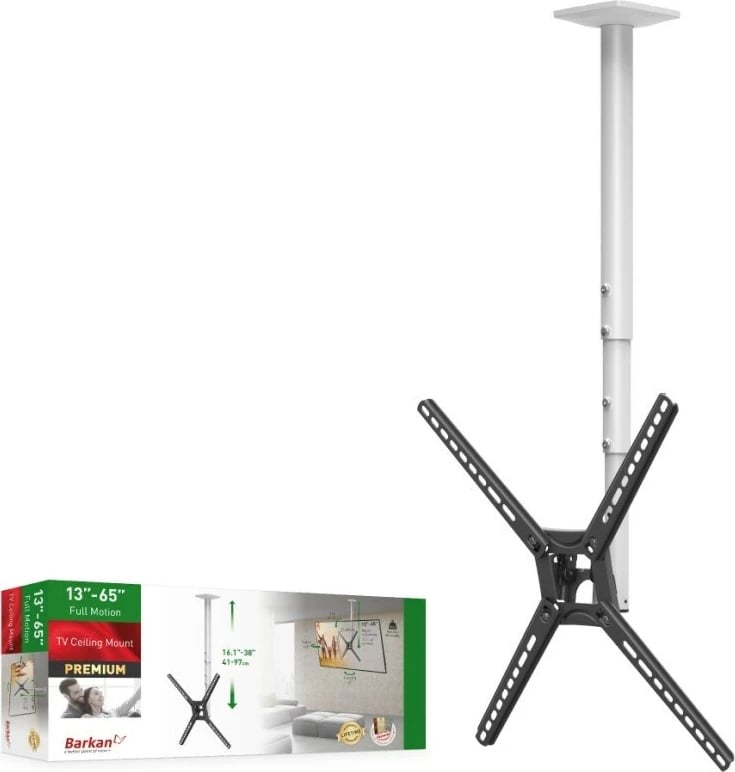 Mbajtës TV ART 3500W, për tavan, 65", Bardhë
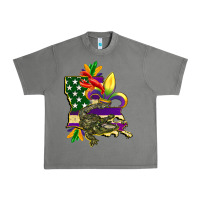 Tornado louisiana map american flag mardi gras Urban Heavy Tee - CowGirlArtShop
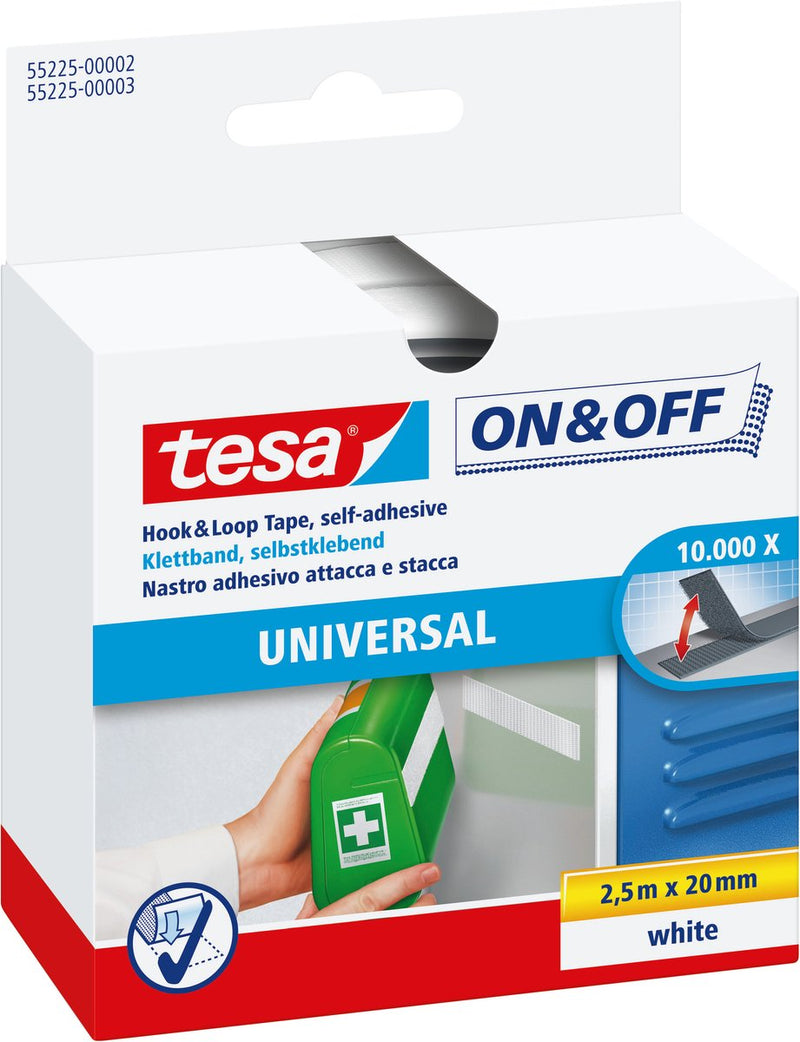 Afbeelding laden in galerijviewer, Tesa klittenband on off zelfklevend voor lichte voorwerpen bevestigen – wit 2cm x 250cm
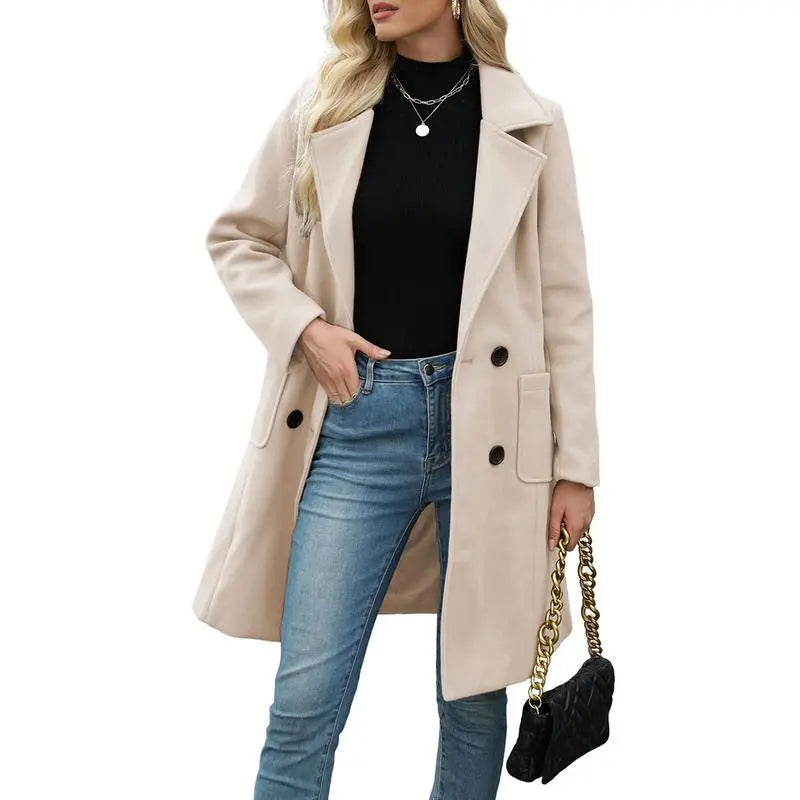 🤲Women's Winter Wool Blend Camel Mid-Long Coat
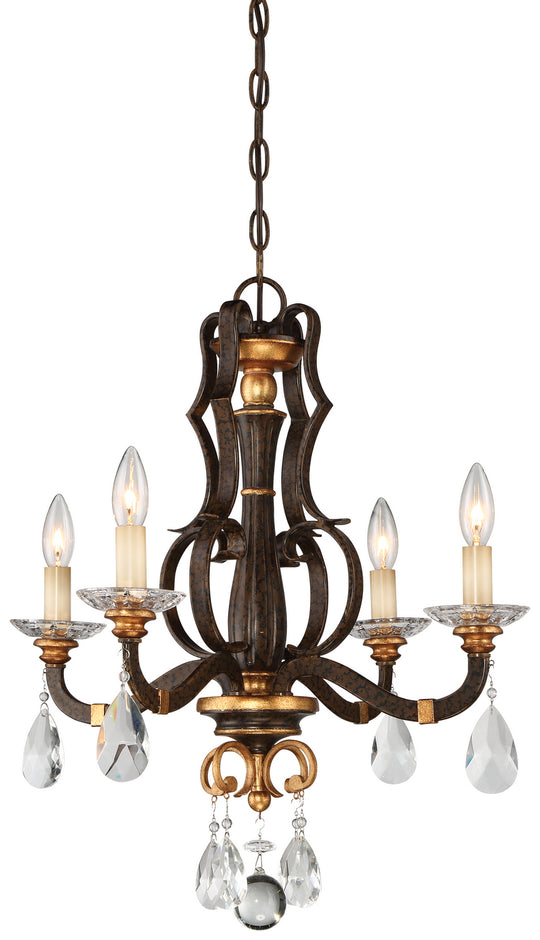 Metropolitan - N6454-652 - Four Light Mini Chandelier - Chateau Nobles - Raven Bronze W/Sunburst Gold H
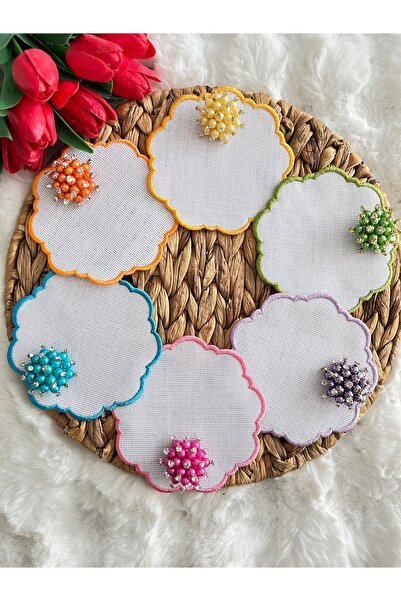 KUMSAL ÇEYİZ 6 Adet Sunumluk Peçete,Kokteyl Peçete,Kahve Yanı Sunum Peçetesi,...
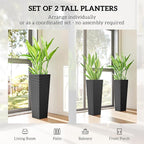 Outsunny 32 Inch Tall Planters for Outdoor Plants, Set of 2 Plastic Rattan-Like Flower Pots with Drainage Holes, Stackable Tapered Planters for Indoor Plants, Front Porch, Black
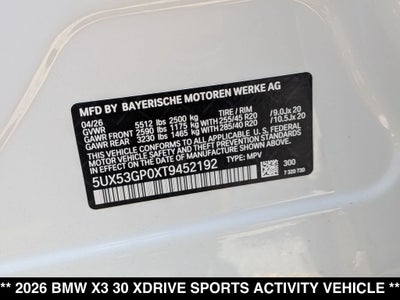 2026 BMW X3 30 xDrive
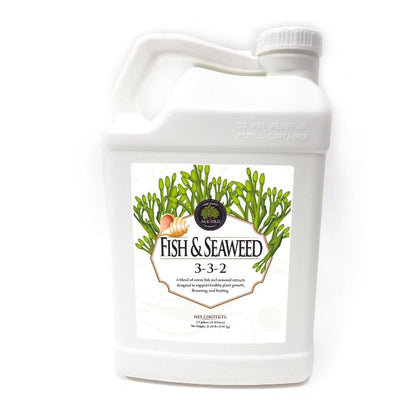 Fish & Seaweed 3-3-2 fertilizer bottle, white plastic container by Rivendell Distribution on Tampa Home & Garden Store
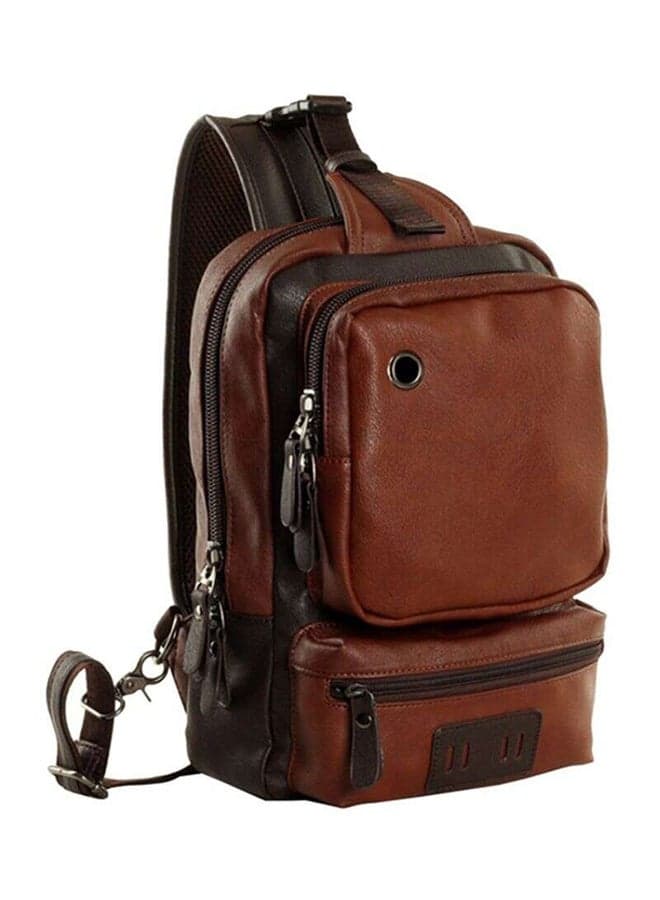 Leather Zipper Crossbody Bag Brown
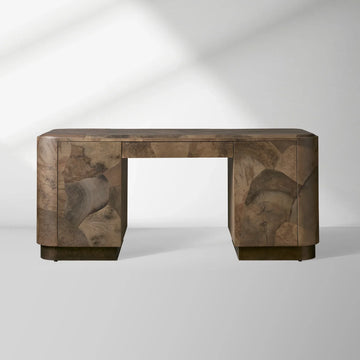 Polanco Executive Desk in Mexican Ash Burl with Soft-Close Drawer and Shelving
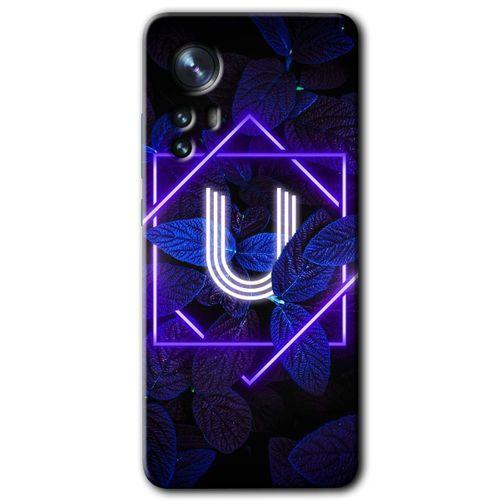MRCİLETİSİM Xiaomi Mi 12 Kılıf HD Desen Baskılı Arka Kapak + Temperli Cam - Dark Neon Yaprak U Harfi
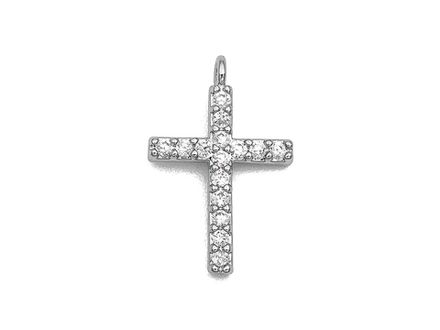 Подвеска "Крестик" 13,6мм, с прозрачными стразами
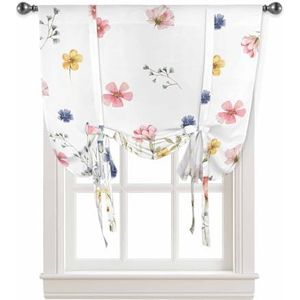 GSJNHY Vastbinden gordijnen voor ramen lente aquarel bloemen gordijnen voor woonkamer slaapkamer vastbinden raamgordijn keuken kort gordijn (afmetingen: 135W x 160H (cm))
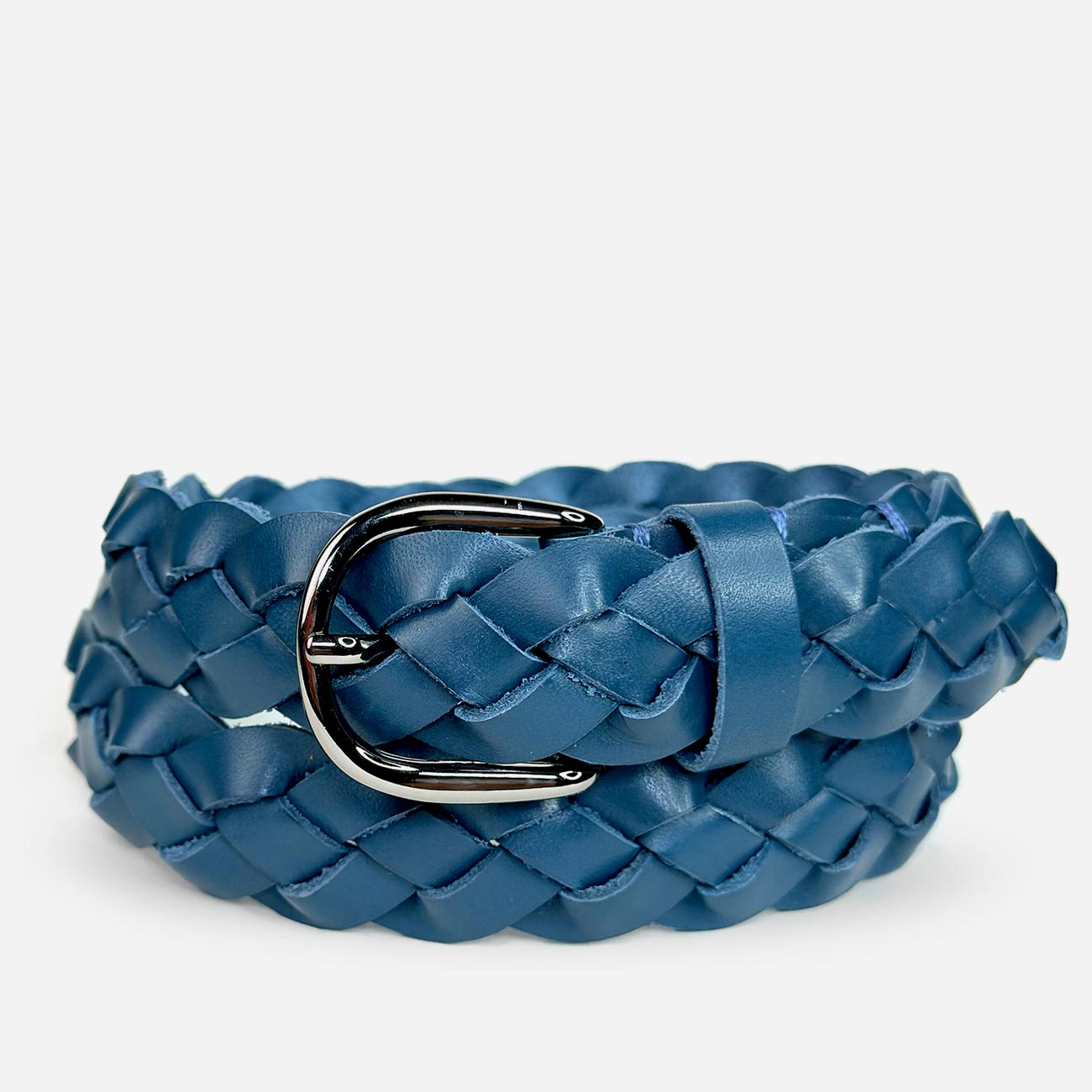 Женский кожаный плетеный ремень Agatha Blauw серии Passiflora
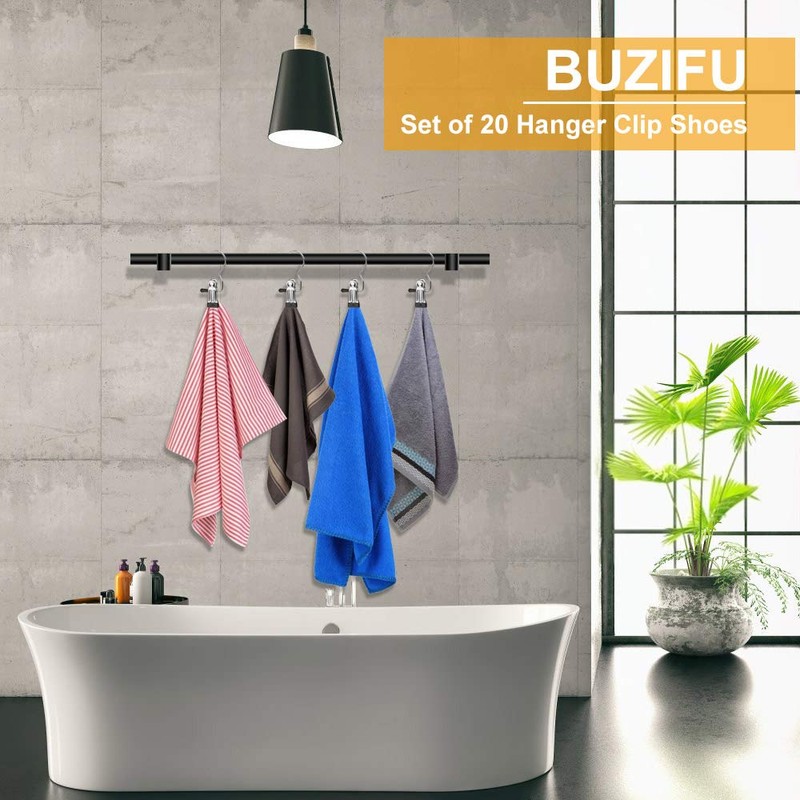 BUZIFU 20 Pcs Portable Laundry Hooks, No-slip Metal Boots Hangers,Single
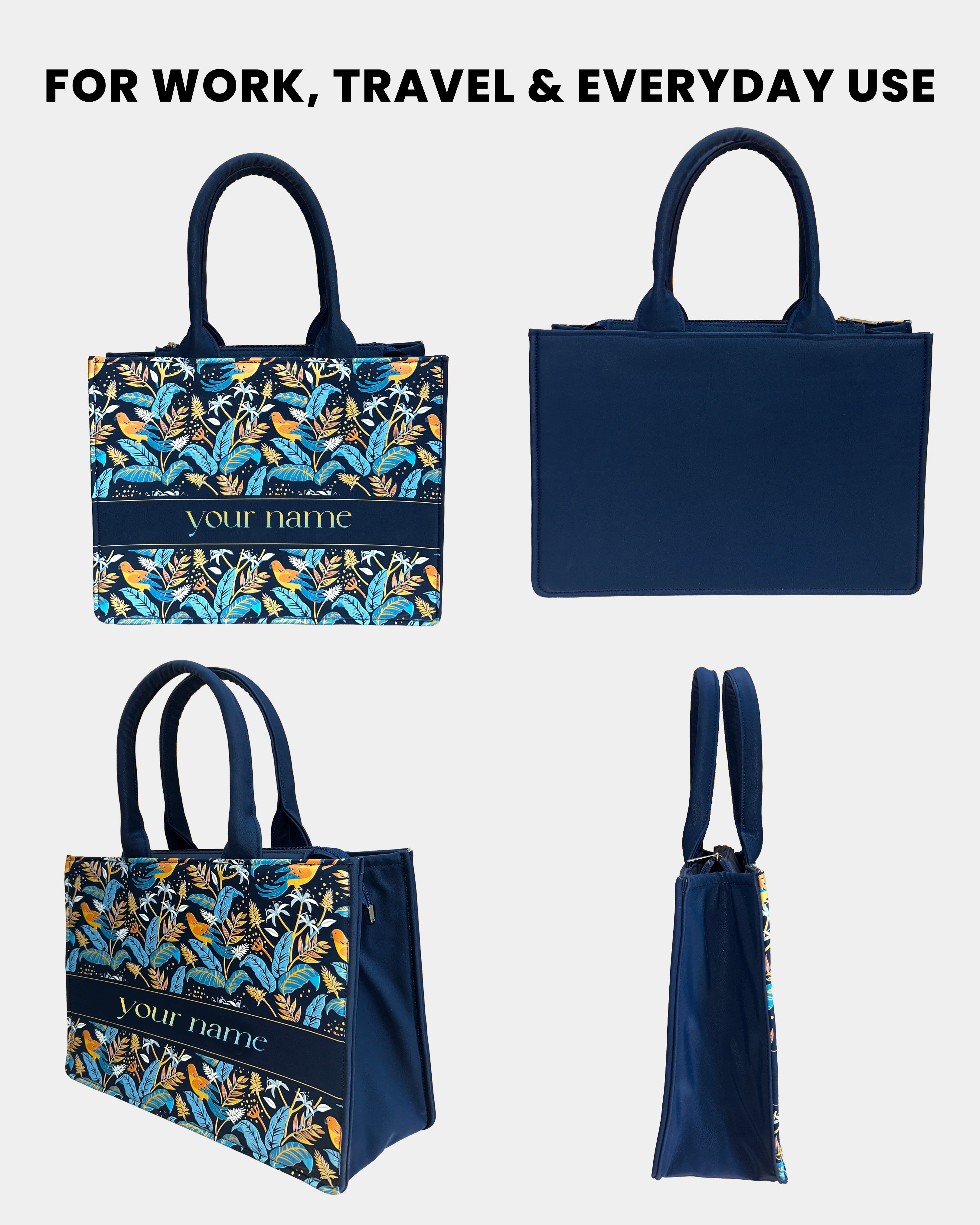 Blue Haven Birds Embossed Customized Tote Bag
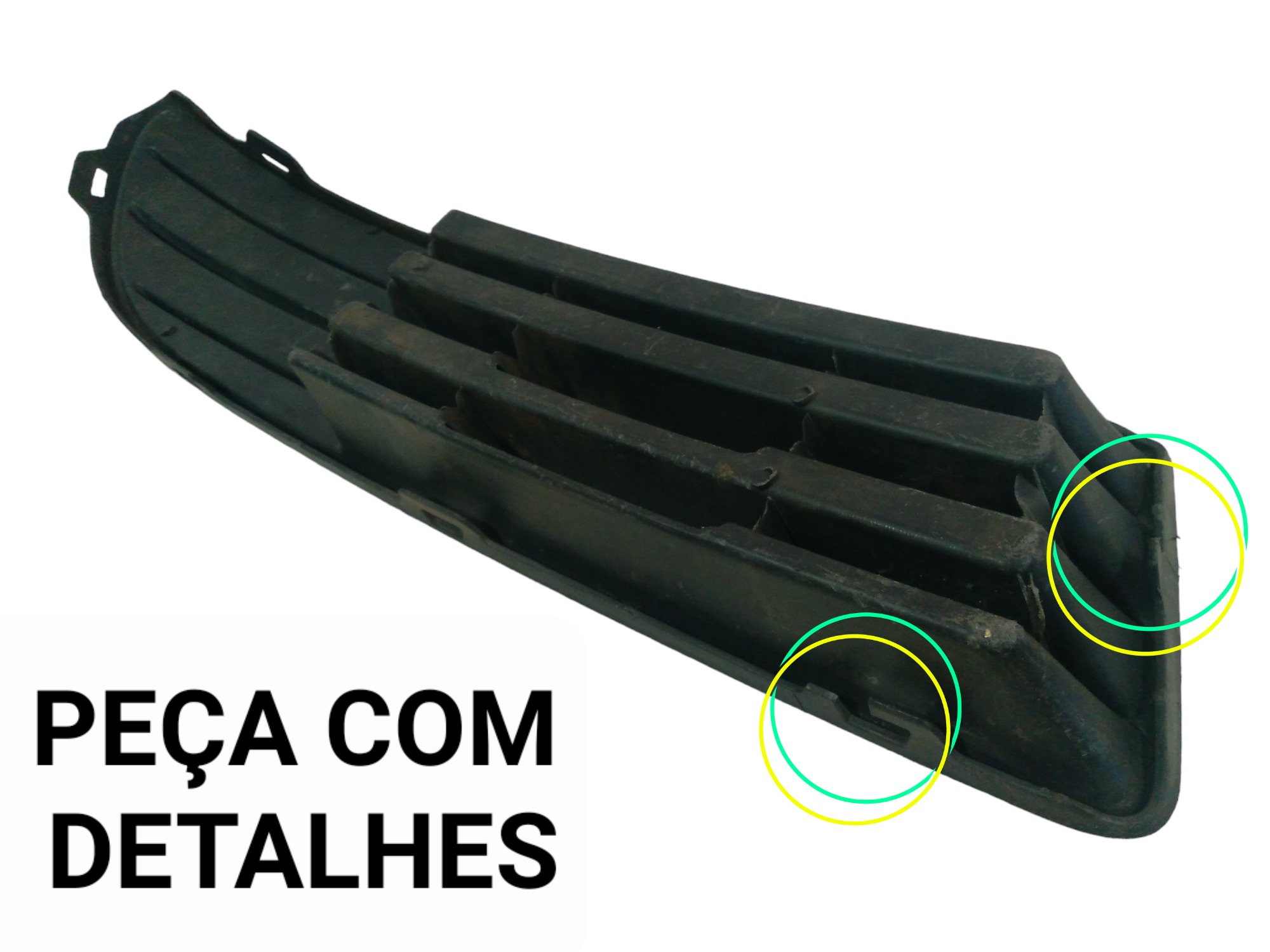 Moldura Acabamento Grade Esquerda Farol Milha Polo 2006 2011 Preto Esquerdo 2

------------------------

### Goal of the exercise
Up to and including the line containing "Camel Mid-Long Coat", repeat every line from the start of the data, but none of the pictures.

### Result for this task
 Mbajtës TV ART 3500W, për tavan, 65", Bardhë
 Tornado louisiana map american flag mardi gras Urban Heavy Tee - CowGirlArtShop
 Afbeelding laden in galerijviewer, Tesa klittenband on off zelfklevend voor lichte voorwerpen bevestigen – wit 2cm x 250cm
 🤲Women's Winter Wool Blend Camel Mid-Long Coat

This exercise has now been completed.